この問題は、以下のように言い換えることができます。

平面上に円があり、円上に \(X+Y+Z+3\) 個の点がある。点には順番に \(0\) から \(X+Y+Z+2\) の番号がついている。

\(0,X+1,X+Y+2\) に人が立っている。ここで以下の操作を \(N\) 回行う。

  • 人を \(1\) 人選ぶ。選んだ人のいる点の番号を \(i\) とする。選んだ人を点 \(i+1 \bmod X+Y+Z+3\) に移動させる。このとき、人が重なってはならない。

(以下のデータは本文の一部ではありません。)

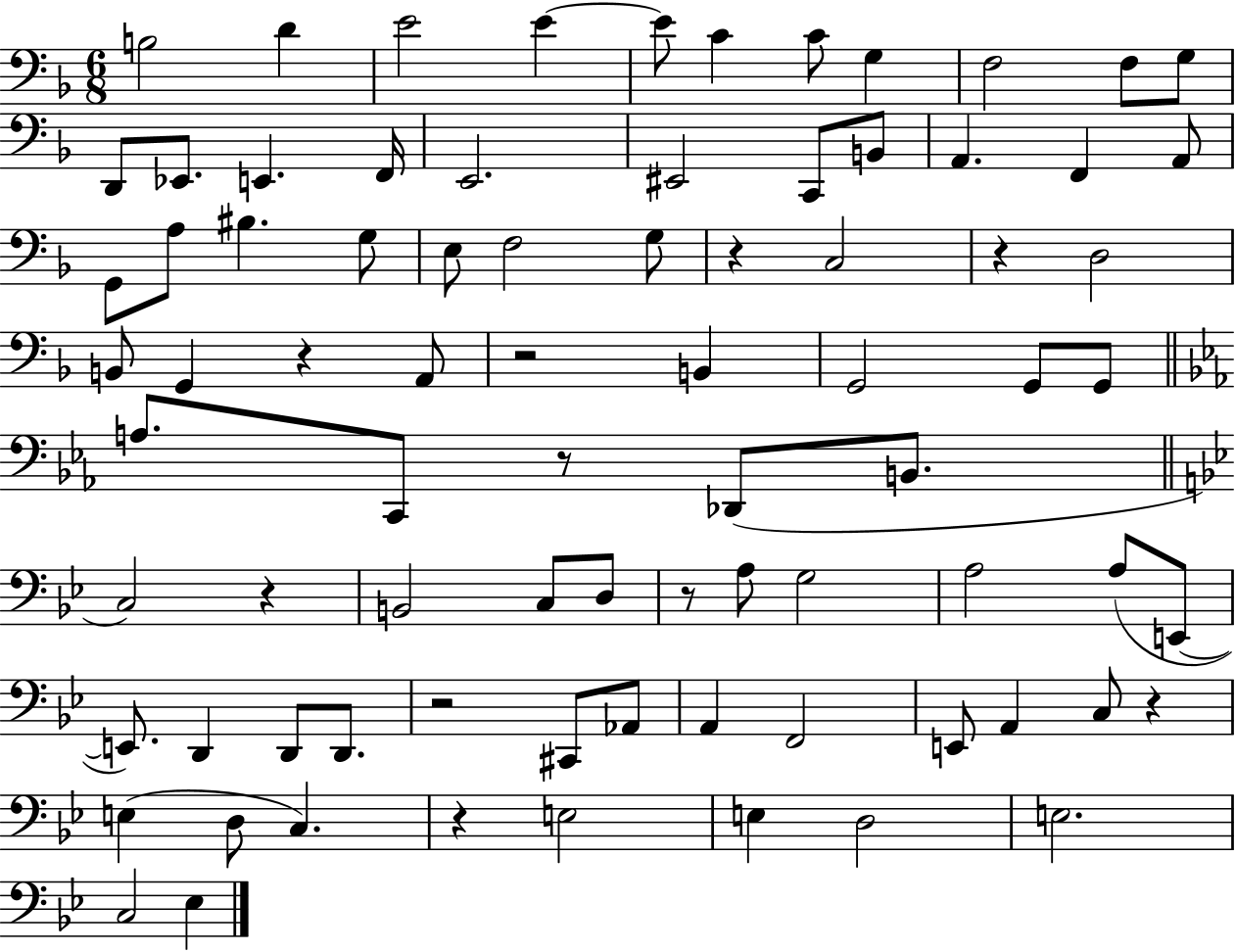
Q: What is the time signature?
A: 6/8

操作を \(N\) 回行う方法の個数 \(\bmod\ 2\) を求めよ。

以降、この問題を解くこととします。また、\(M=X+Y+Z+3\) とおきます。そして、はじめ点 \(0\) にいる人を人 \(1\)、はじめ点 \(X+1\) にいる人を人 \(2\)、はじめ点 \(X+Y+2\) にいる人を人 \(3\) と言うこととします。


[2]逆から見る

ここで、操作を逆から見ることにします。つまり、始めの人の状態は人 \(1,2,3\) がこの順で並んでいれば各々がどこにいてもいいが、最終的に人 \(1\) が点 \(0\) に、人 \(2\) が点 \(X+1\) に、人 \(3\)\(X+Y+2\) にいるような方法の個数を求めることにします。このようにしても答えは変わりません。


[3]動的計画法の利用

上記の問題は、以下の動的計画法を用いることによって解くことができます。

\(\mathrm{dp}[i][j][k]:=i\) 回操作を行ったとき、「人 \(2\) のいる点の座標 \(-\)\(1\) のいる点の座標 \(= j \bmod\ M\)」かつ「人 \(3\) のいる点の座標 \(-\)\(2\) のいる点の座標 \(= k \bmod\ M\)」かつまだ誰も重なってないような方法の個数 \(\bmod\ 2\)

遷移は以下のように行います。

\(\begin{cases} \mathrm{dp}[i][j][k]=\mathrm{dp}[i-1][j-1][k]+\mathrm{dp}[i-1][j+1][k-1] + \mathrm{dp}[i-1][j][k+1](1 \le i \le N,1 \le j,k \le M-2,j+k \le M-1) \end{cases}\)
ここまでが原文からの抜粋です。